Could it be that, despite their anger and frustration at high gasoline prices, Americans' actual behavior patterns tell a different story? That's what a New York Times article, citing economic research, suggests. A few key points:
- Americans spend about 5% of their income on gasoline -- "less than half of what we spend on restaurants and entertainment."
- Economic research indicates that rising gasoline prices led to "no significant effect on the consumption of movies, bowling and billiard[s], casino gambling and only insignificant declines for recreational camps, sightseeing, spectator sports and spectator amusements."
- Americans' "enthusiasm for car pooling, enhanced public transportation and fuel-efficient vehicles remains relatively low."

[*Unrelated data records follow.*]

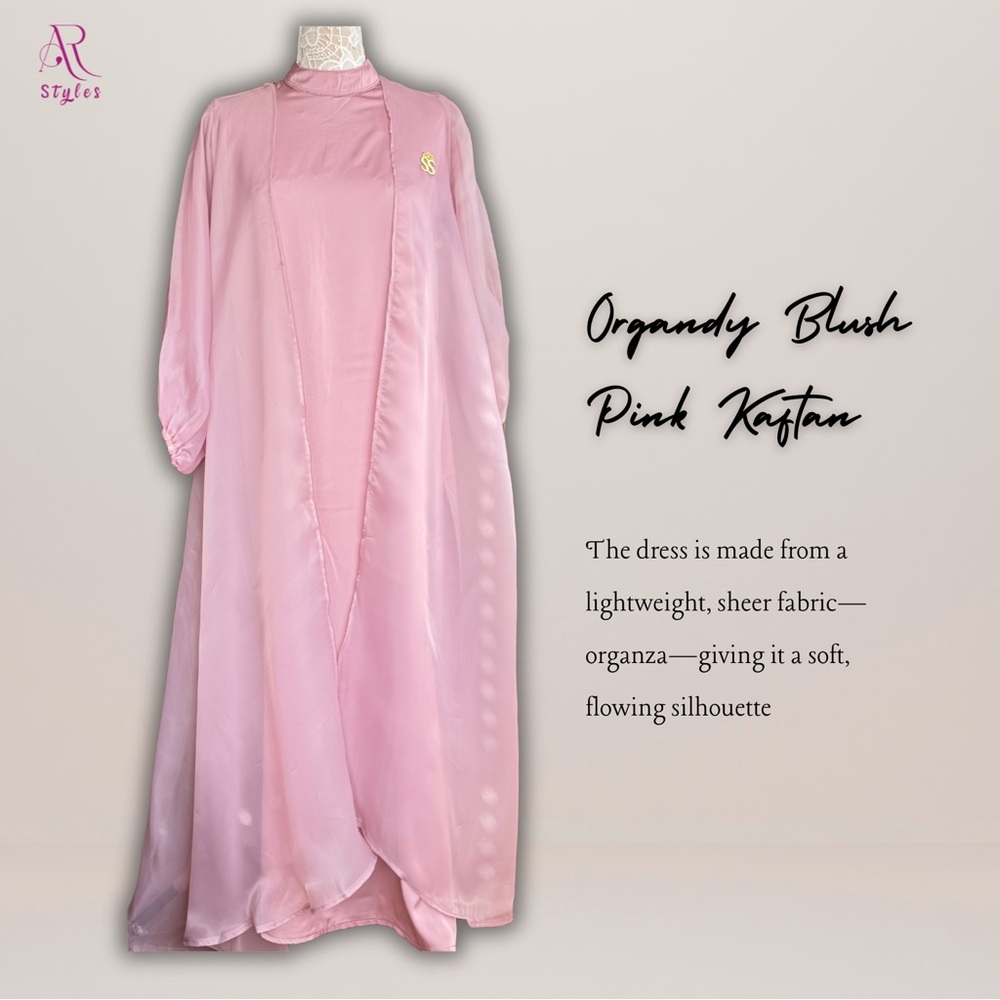 NWT Elegant Organdy Blush Pink Kaftan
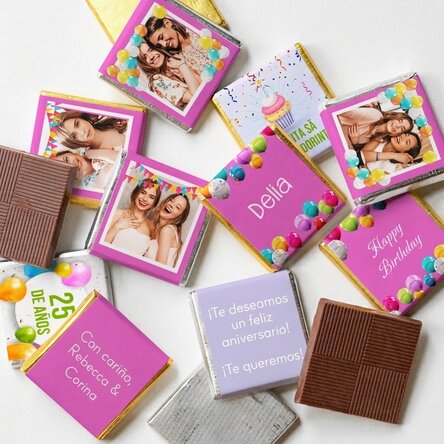Lote de 10 minichocolates personalizados con fotos y texto: «Feliz cumpleaños»
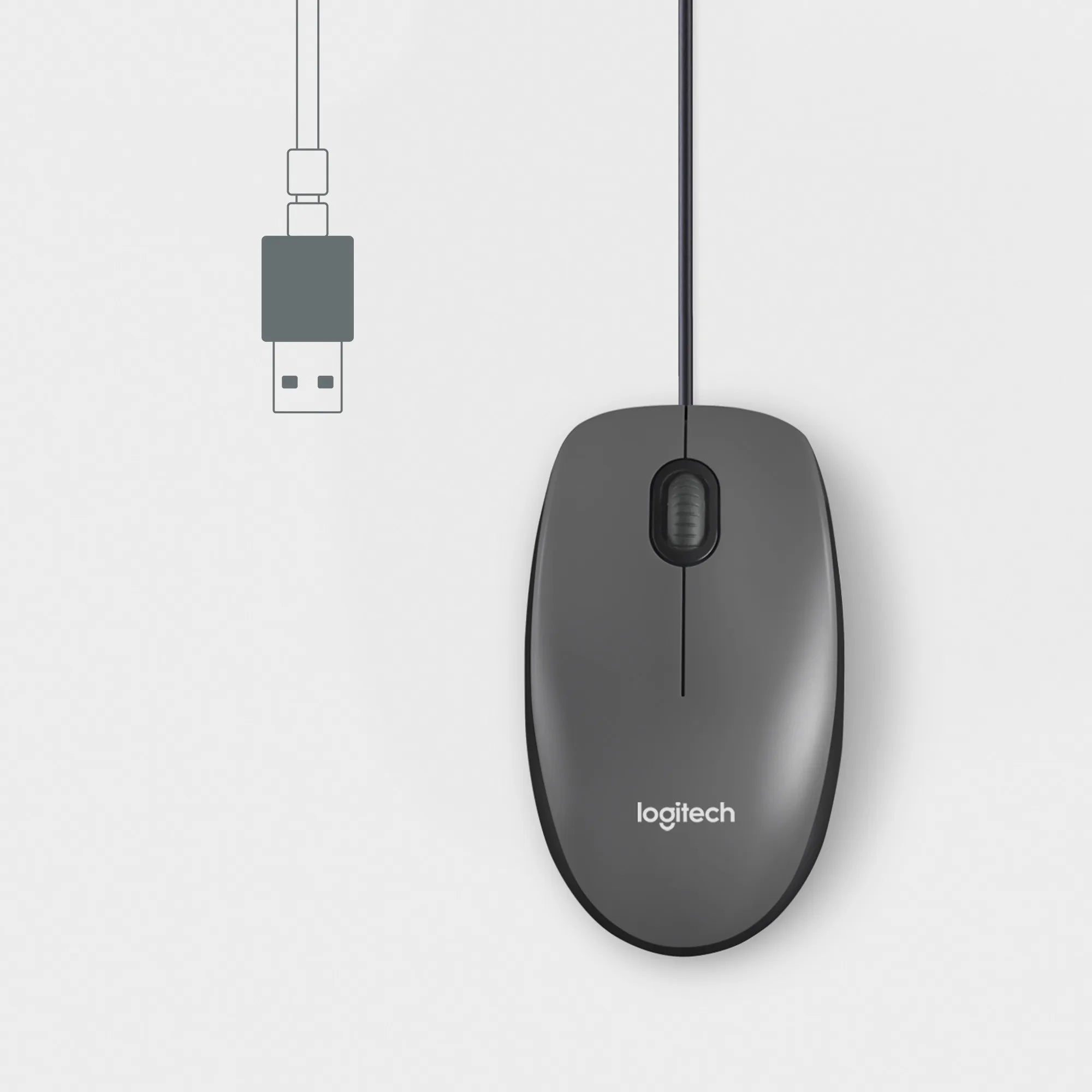 Logitech Mouse M100, Ambidextrous, Optical, USB Type-A, 1000 DPI, Black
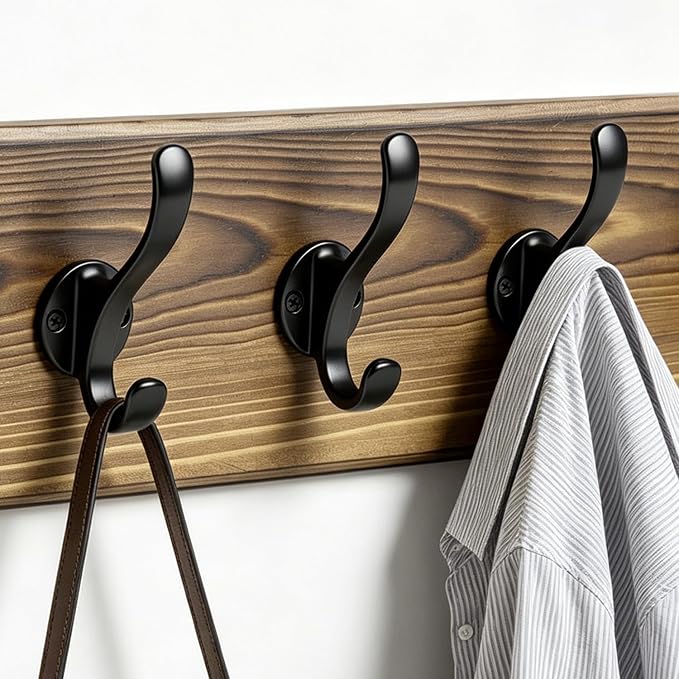 17" Coat Rack Wall Mount with 5 Metal Hooks, Rustic Wall Mounted Coat Rack | - Image 5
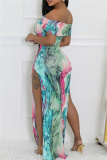 Casual Graphics Print Off Shoulder Side Slit Long Formal Party Evening Bodycon Maxi Dresses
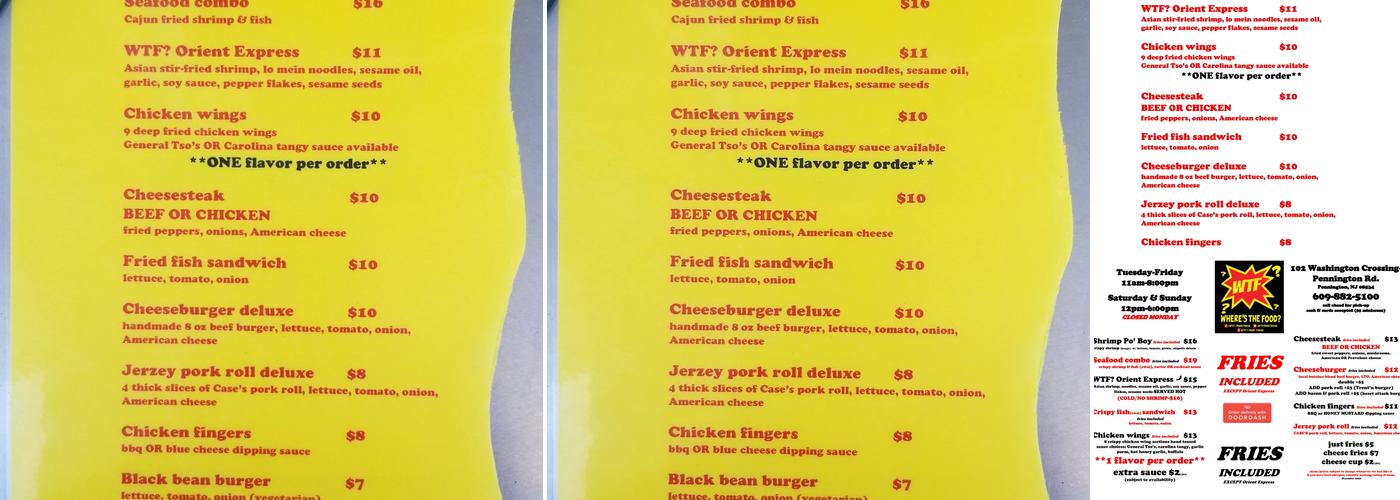 WTF? Where's The Food Menu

- Americans are particularly incensed at higher gasoline prices mostly because gasoline "is the only volatile commodity that most Americans deal with directly: we are buffered from most other price swings by our relative wealth."
Finally, the article points out that, "as unpopular as it may sound, the best possible future for most Americans may involve much higher gas prices," with increased oil drilling in the United States unlikely to have any significant impact. In the long term, perhaps those higher prices for oil products like gasoline will increasingly persuade Americans to finally break their "oil addiction," for instance by converting the economy to clean, renewable energy. In the short term, however, behavior patterns appear far less amenable to change, no matter how high the professed frustration level.